Auch bei Carla und mir war das Segeln die eigentliche Triebfeder für unsere
Weltumrundung. Anfangs konnte ich es täglich gar nicht richtig erwarten, bis
die Segel gesetzt waren. Erst nach den ersten Tausenden von Seemeilen wurde mir
klar, dass "Blauwassersegeln" viel mehr ist als die Auseinandersetzung
mit der Natur unter Zuhilfenahme von Wind und Segel. Tatsächlich verbringt man die Zeit bei einer -
üblichen - mehrjährigen Weltumsegelung weit mehr vor Anker als auf hoher See.
Die Segelzeit macht nicht mehr als 25 bis 30 Prozent der Reisedauer aus, die
übrige Zeit liegt die Yacht vor Anker oder - selten - im Hafen. "Jeder
Segeltag ist ein verlorener Hafentag" ist zwar ein etwas negatives
Resümee, doch zeigt es, dass bei der Auswahl der Yacht der Lebens- und
Wohnqualität auf Blauwasserfahrt herausragende Bedeutung zukommt. Dies stand
auch
bei der Anschaffung der THALASSA im Vordergrund.

Nachdem
sich unsere Weltreisen fast ausschließlich in warmen bis heißen Gebieten
abspielen (wir können Schnee und Eis nichts abgewinnen) ist das Cockpit
der
zentrale Platz auf der THALASSA, sowohl unterwegs als auch vor Anker. Es hat nur
noch wenig Ähnlichkeit mit dem naturgemäß immer engen Cockpit einer
Einrumpfyacht, sei sie auch an die 20 Meter lang. Zu zweit kommt man sich -
unterwegs - fast schon etwas verloren vor, soviel Platz hat man. Dafür kann man
bequem am Cockpittisch seine Mahlzeiten einnehmen. Selbstverständlich ist der
Tisch weder kardanisch, noch werden nasse Tücher oder Antirutsch-Folien
benutzt. Selbst Biergläser bleiben auch bei hartem Wetter sicher auf dem Tisch
stehen. Dies ist unterwegs ein großer Vorteil, denn man ist nicht gezwungen,
nach jedem Essen den Tisch abräumen zu müssen(!).
Ob
der Steuerstand (links) bequem, zweckdienlich oder ausreichend für zwei
Personen ist, ist mehr eine akademische Frage, denn er wird - kaum jemals benutzt,
außer zum Ankern oder bei Hafenmanöver.
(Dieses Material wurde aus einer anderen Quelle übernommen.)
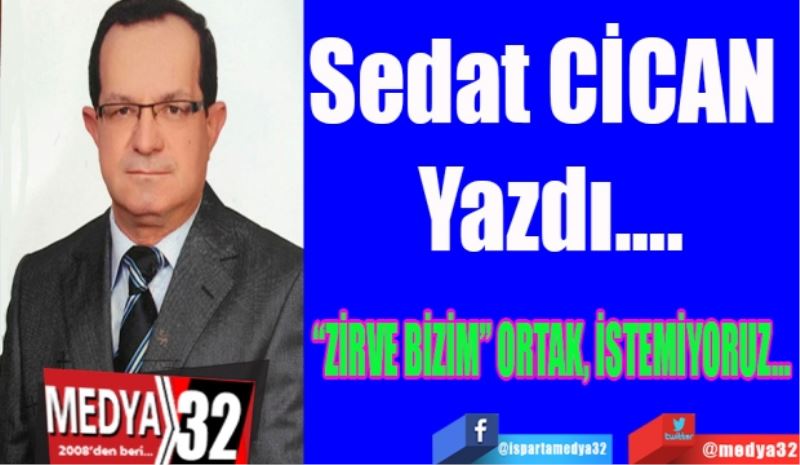 “ZİRVE BİZİM” ORTAK, İSTEMİYORUZ…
Fast ausnahmslos läuft die THALASSA
unter der Selbststeueranlage - entweder mit dem elektrischen
Robertson-Automat
(Verbrauch: 10 Ampere) oder unter dem Windpilot mit einem halben Ampere.
Was
häufig bei der Planung einer Yacht vergessen wird, ist ihre Bewohnbarkeit in
den Tropen. Hier haben wir auch bei der Bestellung der Yacht einen Fehler
gemacht, der leicht vermeidbar gewesen wäre - ich hätte nur bei Schenk
nachlesen müssen: Das Bimini-Verdeck habe ich in Rot gewählt, was bei den
üblichen 35 bis 40 Grad Hitzegraden hier in der Türkei das Cockpit praktisch
unbewohnbar gemacht hat. Einmal habe ich auf der Unterseite des Bimini
unerträgliche 55 Grad gemessen. Wir haben dann unter das Bimini-Dach eine
weiße "Zwischendecke" einziehen lassen (bei gleichen Bedingungen 40
Grad gemessen), was die Wohnlichkeit des Cockpits selbst bei heißestem Wetter
nunmehr gewährleistet.
Vom
Cockpit aus lässt sich gut mit der Pantry
kommunizieren, was für die Harmonie
an Bord unverzichtbar ist. Es geht nicht darum, den Smutje mit guten
Ratschlägen zu unterstützen (der kann das schon alleine), sondern schlicht um
den fortwährenden Kontakt der Besatzung einer Yacht untereinander.
Die
Ausstattung der Kombüse drängt sich heute auf. Leider, ich sage bewusst
"leider", hat der Petroleumofen ausgedient. Nicht, weil er zu schlecht
gewesen wäre, sondern weil seine Ersatzteile und ein ordentliches Petroleum
weltweit kaum noch zu erhalten sind. So blieb uns nichts anderes als der Gasofen
(mit Herd) übrig - selbstverständlich mit allen Sicherheitseinrichtungen wie
Gasalarm etc. Ein elektrischer Herd ist mit Batteriestrom nicht zu speisen,
sondern müsste von einem Generator betrieben werden. Man stelle sich mal vor,
man lässt 20 Pferdestärken für eine Tasse Kaffee orgeln und rußen.
Etwas
anderes ist es mit dem Mikrowellenherd - aus der Metro bezogen und damit
billiger als mancher Block an Bord der THALASSA! Seine Versorgung mit Strom aus
dem Inverter (220 Volt) ist kein Problem, weil die Mikrowelle meist nur für ein
paar Minuten benötigt wird.
Gleiches gilt
für andere elektrische Helferlein aus dem Kaufhaus wie Mixquirl etc
Auf
Grund der vorgegebenen Raumaufteilung hat sich leider kein Platz für eine Gefriertruhe, sondern nur für einen Gefrierschrank (und einen Kühlschrank)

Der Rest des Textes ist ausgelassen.